Andy: It just never happened. When I was young, tried, and it didn’t happen. And then I got older, and I got more and more nervous, because it hadn’t happened yet. And I got kind of weirded out about it. Then it really didn’t happen, and then … I don’t know, I just kind of stopped trying. —The 40 Year Old Virgin, by Judd Apatow

Four years of college. Graduate school. Early mornings. Occasional late nights. A time spent living in Seattle in the early ’90s, for God’s sake. Moving to a state where one’s consumption habits tend to serve as tribal markers. Fifteen years of marriage to a coffee drinker. All of this, over more than 40 years of my life, and somehow I never, ever, not once, drank a single sip of coffee.

There’s a societal presumption built into any kind of teetotaling, that it must be some kind of political, ethical or moral statement. But I neither adhere to the Word of Wisdom, nor have I staked out a position opposed to the impact on rain forests of coffee-bean farming. I don’t drink coffee because I never have drunk coffee. And I never have drunk coffee because … well, maybe it’s not all that complicated.

The easiest answer is that the circumstances that turn someone into a coffee-drinker never coalesced early in my life. I grew up in a household of non-coffee-drinking parents, so the habit was never one I assumed I’d follow. As a life-long “morning person,” I never required any particular chemical kick-start to allow me to function before noon. Hot drinks in general, including tea or cocoa, didn’t really appeal to me. My sheer general stubbornness made it something of a point of pride not to be doing what everyone around me tended to do—video games, skiing, tattoos, heroin—just because they tended to do it. And as I got older, it seemed to be one of those “acquired tastes” that would be more trouble—and expense—than it was worth to acquire.

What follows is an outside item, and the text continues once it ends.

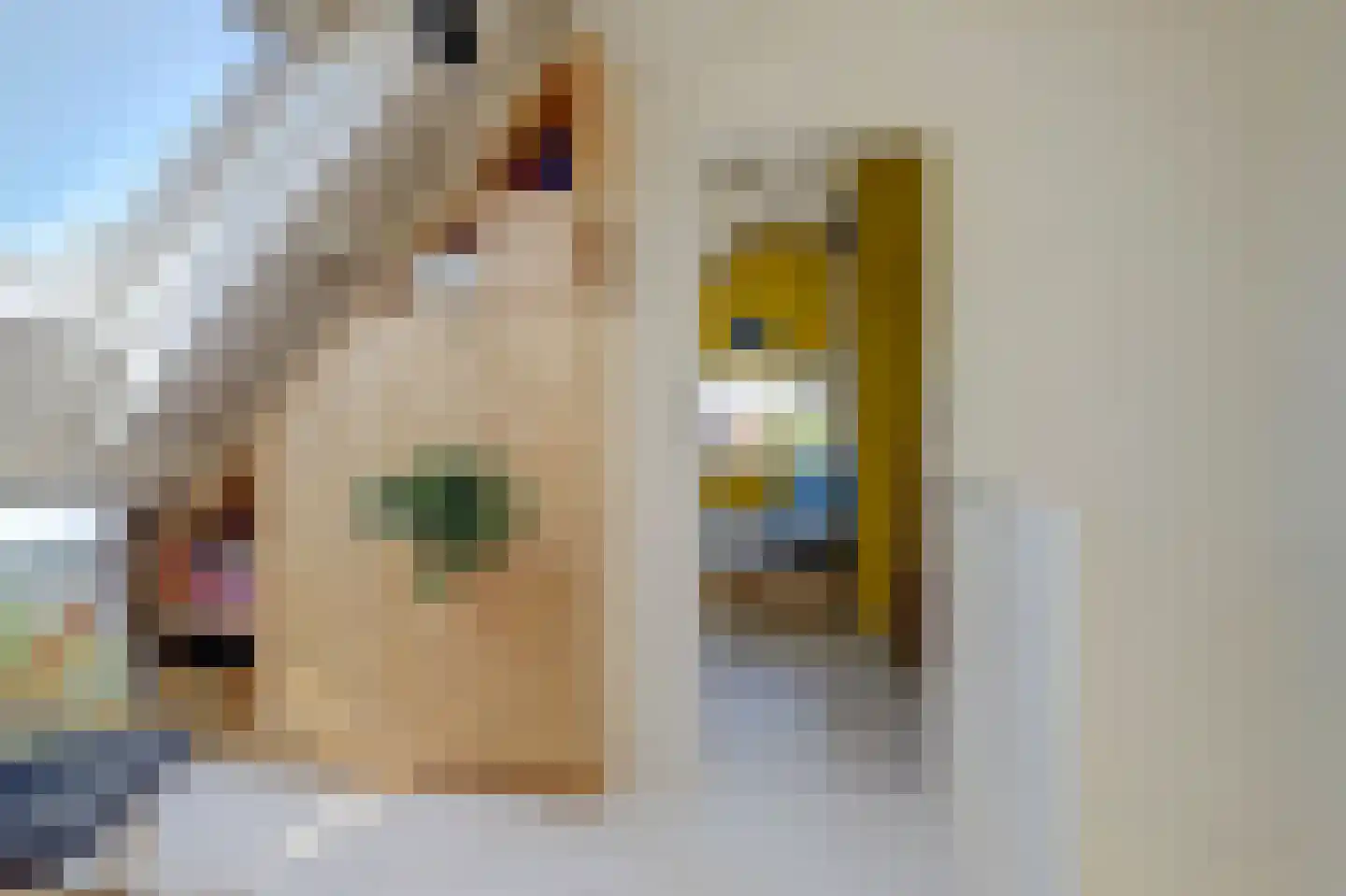 Waag 50 Wijk bij Duurstede thumbnail 52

I started to think that maybe I’d been missing something all these years. Coffee seemed to inspire cult-like devotion, and I was forever surrounded by folks for whom coffee defined communal interaction. It wasn’t just a beverage; it was a way of life. And I wondered if I could share that enthusiasm.

I would need guidance on such a perilous journey, a gentle hand to help me break my Cherry Mocha. Thus I would turn to baristas and purveyors of the rich, dark liquid to answer the question: Was there something out there that would change my perspective forever? Like a java-jazzed spin on Olivia Newton-John in Grease, maybe this coffee virgin could be turned into a coffee slut.

Historical Java
Certainly in Utah, coffee was a topic loaded with religious and cultural significance. The “Word of Wisdom” delivered by Joseph Smith in 1833—which stated, among other things, that “hot drinks are not for the body or the belly”—was originally a recommendation rather than a commandment. Smith’s brother, Hyrum, specifically clarified in 1842 that “hot drinks” included coffee, while Brigham Young in 1851 added the admonition “those who will not keep the Word of Wisdom, I will cut off from the Church.” Yet only a few years earlier, the westward-bound Mormon pioneers of the 1840s followed provisions guidelines commonly used at the time that recommended packing coffee for the journey. And it may have just been common sense, as worries about contaminated water supplies made a boiled-water beverage a wise choice—though the pioneers often allowed it to cool in an attempt to stay within the letter of the law.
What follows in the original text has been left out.